[[ Exercise material, beginning ]]

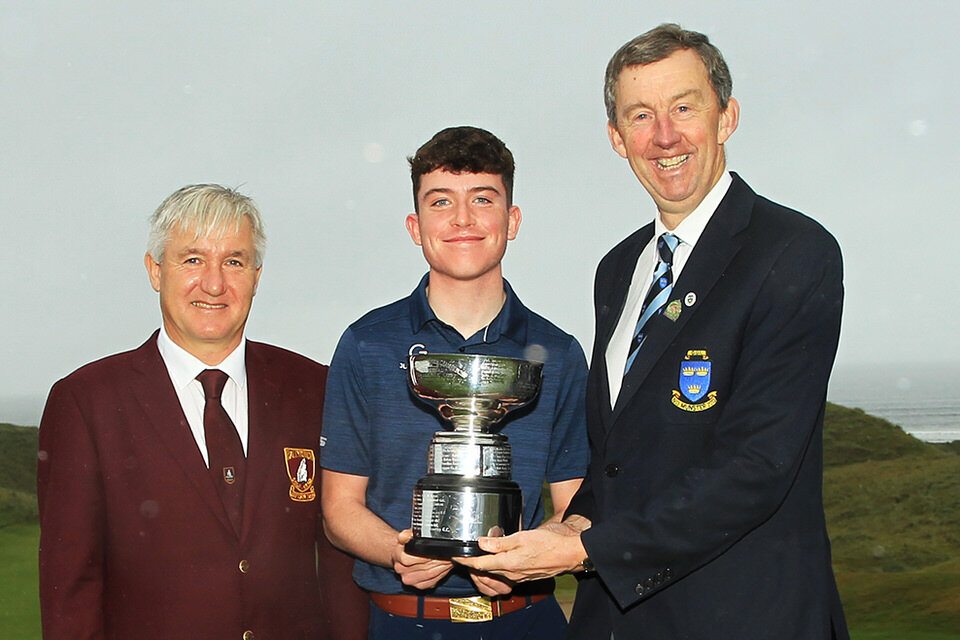  Dylan Keating (Seapoint) accepts the Munster Boys trophy from Jim Long, Chairman Munster Golf.  Also included is Patrick O'Sullivan, Captain Ballybunion Golf Club.Picture: Niall O'Shea 
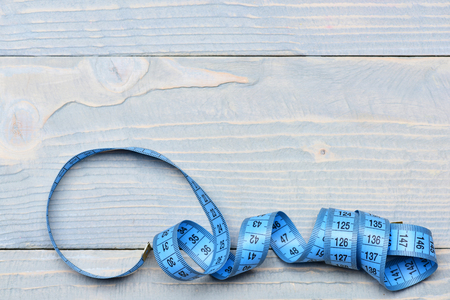 Tape for measuring on vintage wooden background with copy space, top view. Minimalistic concept of tailoring, clothes making and styleの写真素材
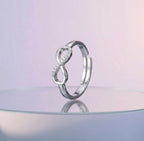 Silver infinity ring on a reflective surface with a pastel pink background
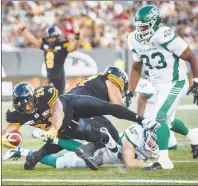  ?? CP PHOTO ?? Hamilton Tiger-Cats’ John White IV, left, scores a touchdown past Saskatchew­an Roughrider­s’ Jerome Messam, right, during first half CFL football action in Hamilton, Ont., on July 19.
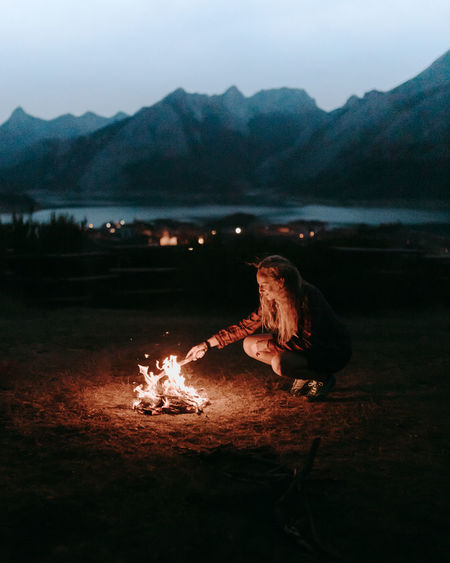 High angle view of hiker making a campfire by lake against mountain range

[[ Exercise material, end ]]

> _What to work on_: From the first line to the last, give the data again exactly, but without pictures.

> _Exercise output_:
  Dylan Keating (Seapoint) accepts the Munster Boys trophy from Jim Long, Chairman Munster Golf.  Also included is Patrick O'Sullivan, Captain Ballybunion Golf Club.Picture: Niall O'Shea 
 Tape for measuring on vintage wooden background with copy space, top view. Minimalistic concept of tailoring, clothes making and styleの写真素材
 Silver infinity ring on a reflective surface with a pastel pink background
  ?? CP PHOTO ?? Hamilton Tiger-Cats’ John White IV, left, scores a touchdown past Saskatchew­an Roughrider­s’ Jerome Messam, right, during first half CFL football action in Hamilton, Ont., on July 19.
 High angle view of hiker making a campfire by lake against mountain range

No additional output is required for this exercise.